IGFE CSC 7341
Master of Science
Turing Machines. Decision problems. Decidable and undecidable problems. The Halting Problem (Lecture and exercises).
Algorithm and Problem Complexity. Complexity classes. Time and Space Complexity. Hardness and completeness of (decision) problems (Lecture and exercises).
SAT-problem. Cook's theorem. 2-SAT and 3-SAT problems (Lecture and exercises).
Hamiltonian path problem and Hamiltonian cycle problem.

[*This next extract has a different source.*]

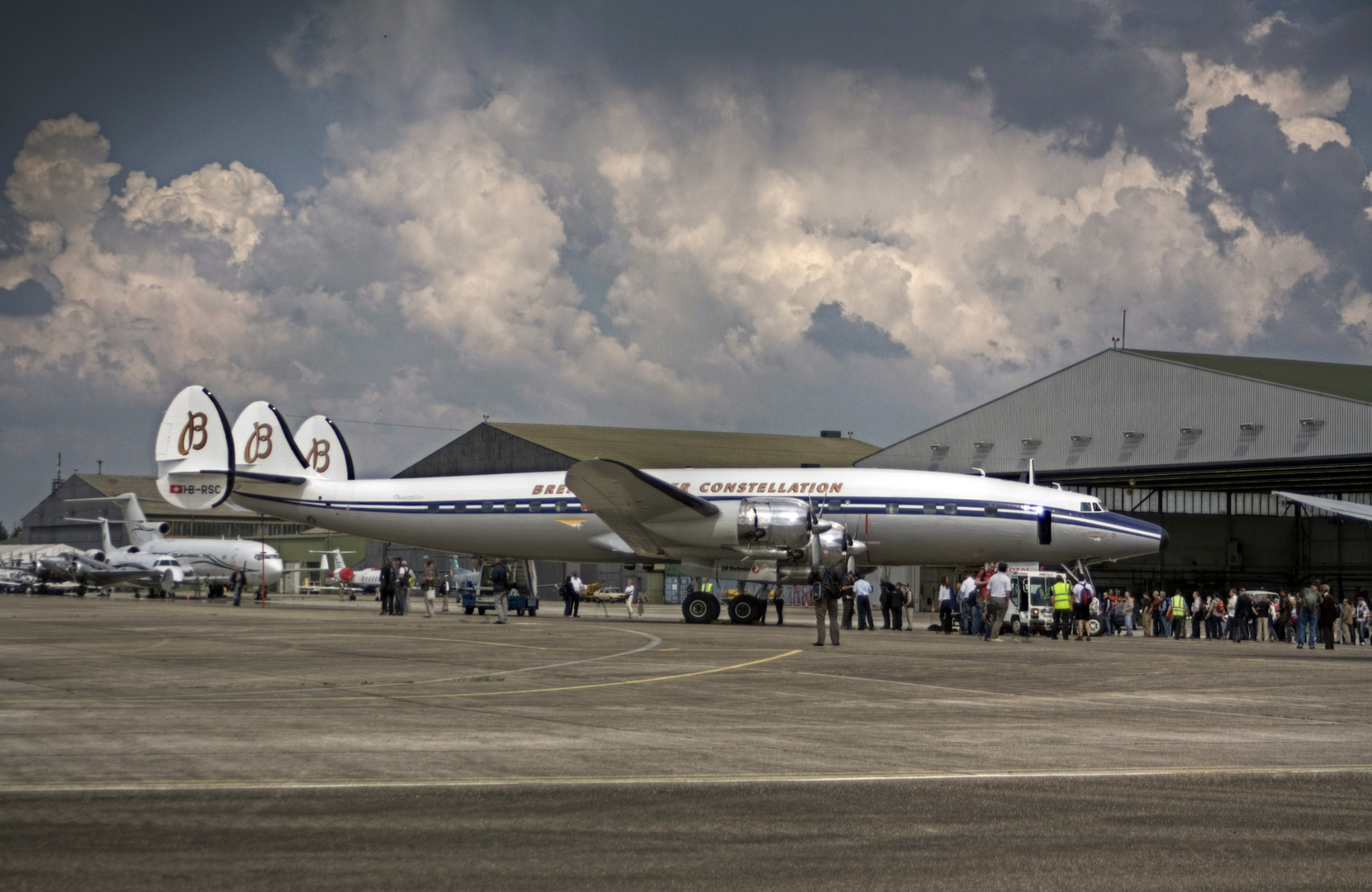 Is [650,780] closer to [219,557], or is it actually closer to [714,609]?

The Clique problem (Lecture and exercises).
Complexity issues and corresponding problems in related fields of Communication Networks:
- Complexity issues in information security (Lecture, discussion and students presentations’).
- Complexity issues in software testing (Lecture, discussion and students presentations’).
Discussion on P =? NP.
Discussion on alternative complexity definitions.

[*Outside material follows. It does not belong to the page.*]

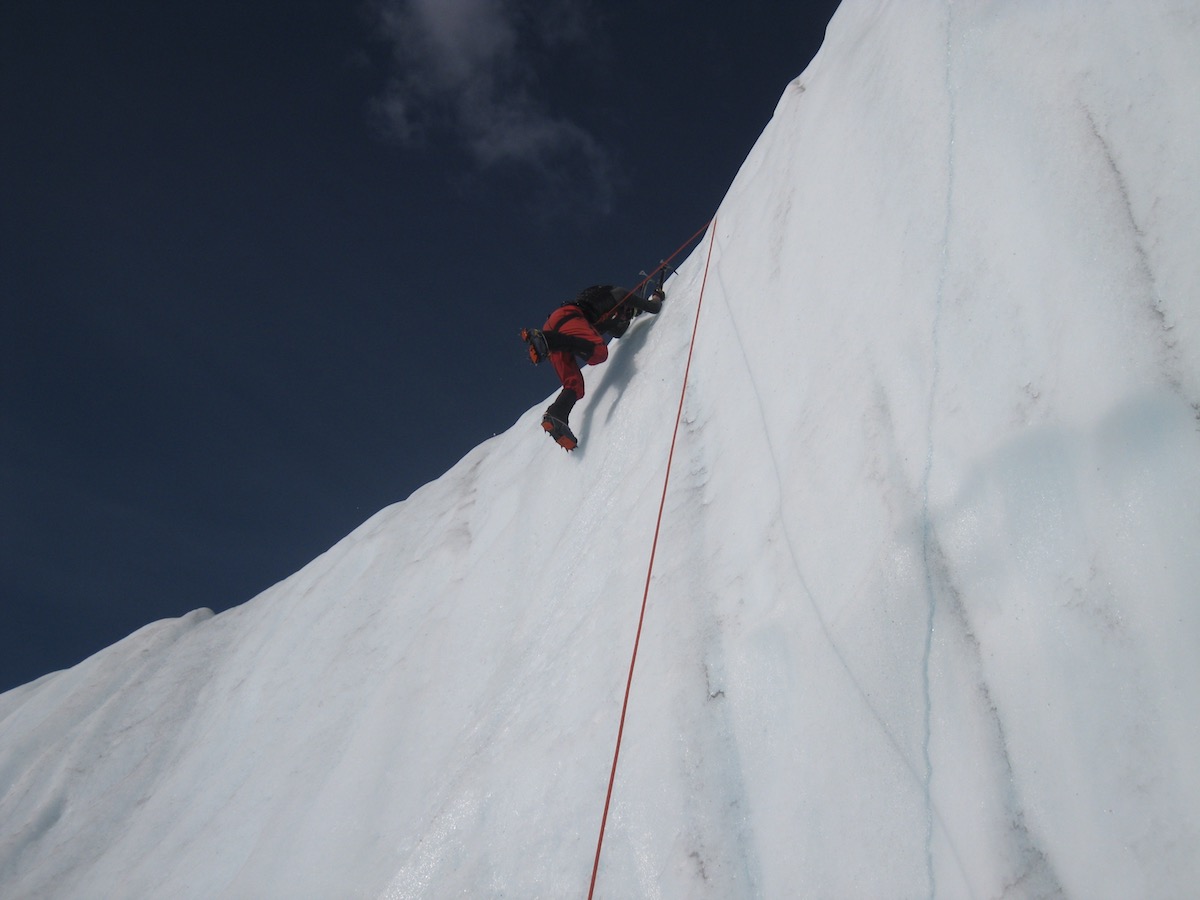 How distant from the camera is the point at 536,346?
5.11m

Individual laboratories on the listed subjects will be performed. The tasks include the estimation of the correlation between the theoretically proven complexity and the software quality parameters, such as performance, disc load, energy consumption, etc.
Students are required to have good mathematical foundations, including logics, combinatorial analysis, graph theory, Boolean algebra, algorithms and data structures, software engineering and general network architectures.
The main objective of the course is the study of the analysis of algorithms as well as widely met complexity classes. The students need to know the ‘classical’ problems met in the computer communications and their complexity. After the class, they should also be able to estimate the computational complexity of a given algorithm, in time and space.
The evaluation includes 3 hours written exam.
The class also contains the continuous evaluation represented as homework, laboratories and students’ presentations.